Congratulations on finishing your first 20 miler. What an accomplishment!
Congrats on the 20-miler! And on registering :-)

I walked through all the water stops when I ran the marathon and I thought it worked well for me. Hope it works well for you, too!
MCM Mama said…
Great job on the run! I'm impressed you ate real food. I can barely eat sharkies, so I have to rely on gels.
Cyndi said…
20 miles...I can't imagine! :-) Something to aspire to some day!

Thanks for stopping by my blog...my first seven miler was a success!
Amy said…
Awesome job on the 20 miler!!!!! I am just like you, regarding signing up for races early... (although I did sign up for St. Louis early, because they'll put your name on your bib if you do so). I have signed up for almost all my marathons the week of the race. I was just always afraid that I'd jinx myself, ya know?

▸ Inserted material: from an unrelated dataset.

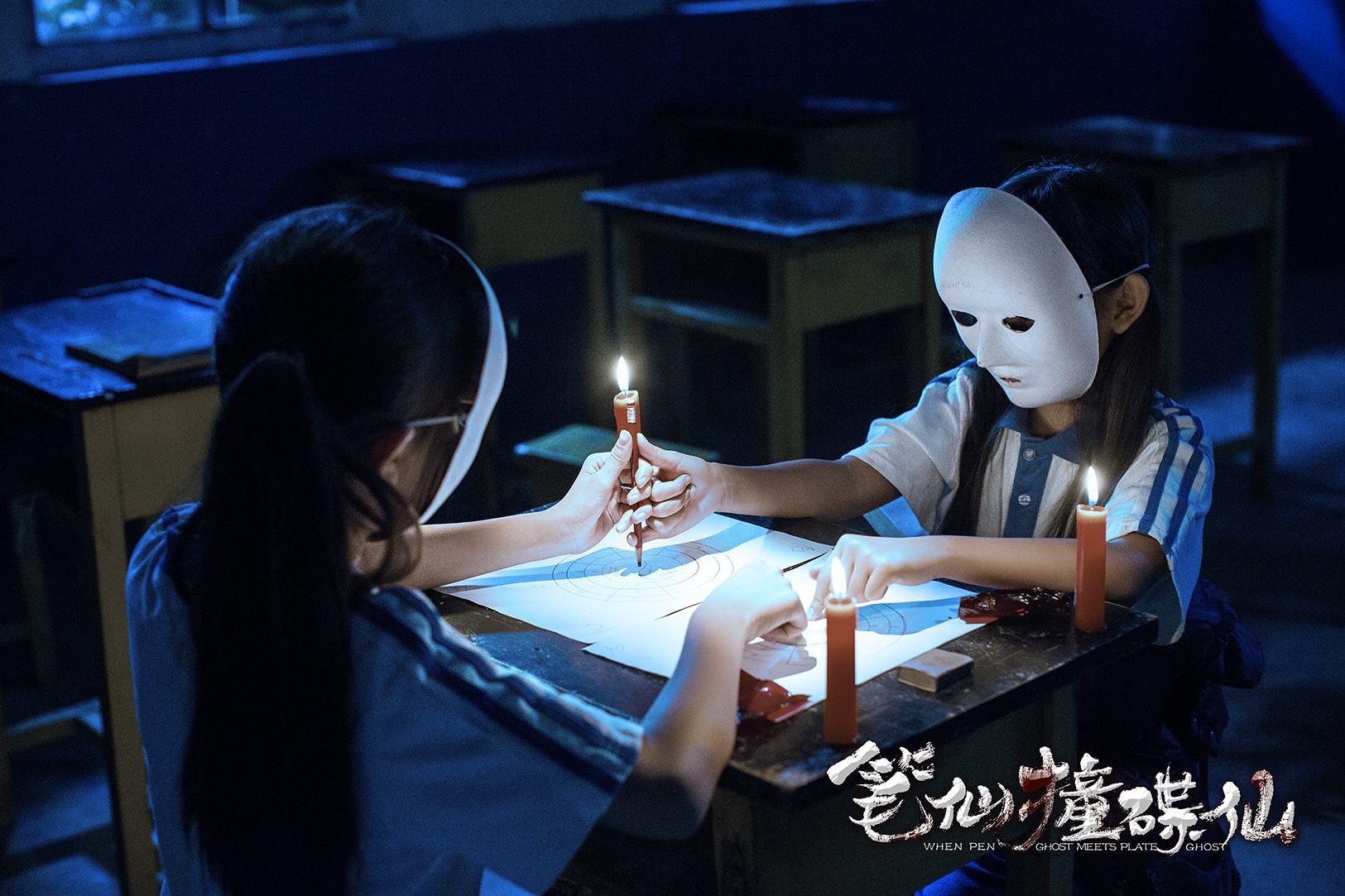 盘点笔仙老版、新版、手抄版优缺点 - 知乎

Anyway, congrats again! Doesn't it feel awesome to run 20 miles???? There's nothing like responding to the question... "so what did you do today?" with... "ahhh.. just knocked out a 20 miler and then went about the rest of my day." priceless.

Great job!!
denisermt said…
Found your blog through Running Along. I am marathon mom, too. I just ran my 2nd marathon last month and I will be running my second 1/2 marathon this Saturday.

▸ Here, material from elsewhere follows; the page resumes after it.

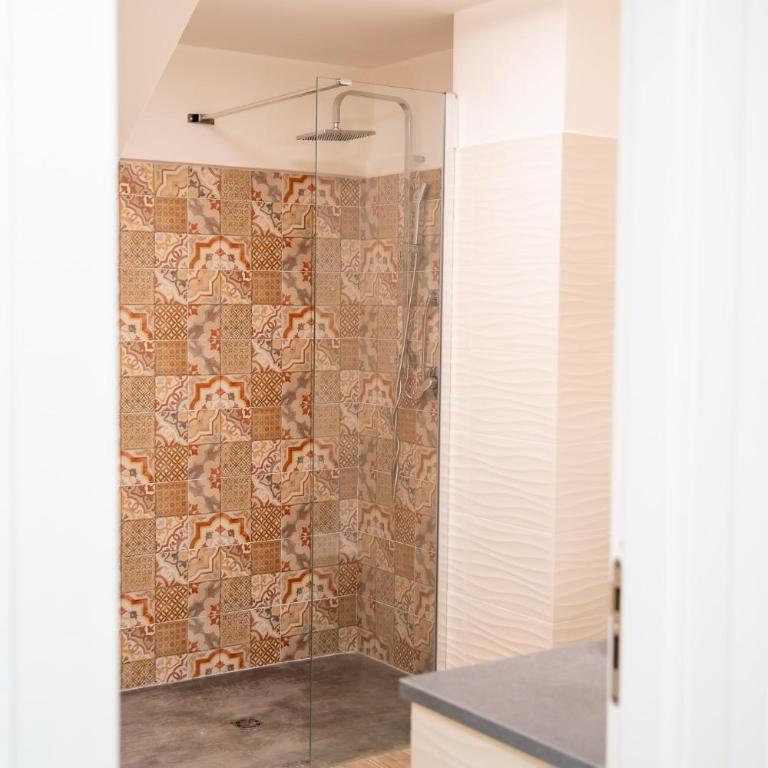 Tenuta Carbone - Con piscina e parcheggio privato - Villa con 3 Camere da Letto - 55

Twenty miles in 3 and a half hours is great! With all your GU,snack breaks and planned water walking stops, it sounds like you are on the right track and will do great for your first marathon. Good luck! :-)

Come visit me! ~Run DMT
kateymwf said…
I'm a running mom too. I'm 32 and will be doing my first full at the CMM. All of my friends are doing the 1/2. I think I'm going to run with the 4:30 pace group too. Our times seem to be quite similar. I did 18 this weekend and have a 20 miler April 4th. Have you ever considered trying to do a negative split marathon? I have just started to think about it, and might try it out for the marathon. I'll try to say hi at the marathon if I see you in the 4:30 pace group. I don't really talk while I run though, takes too much out of me.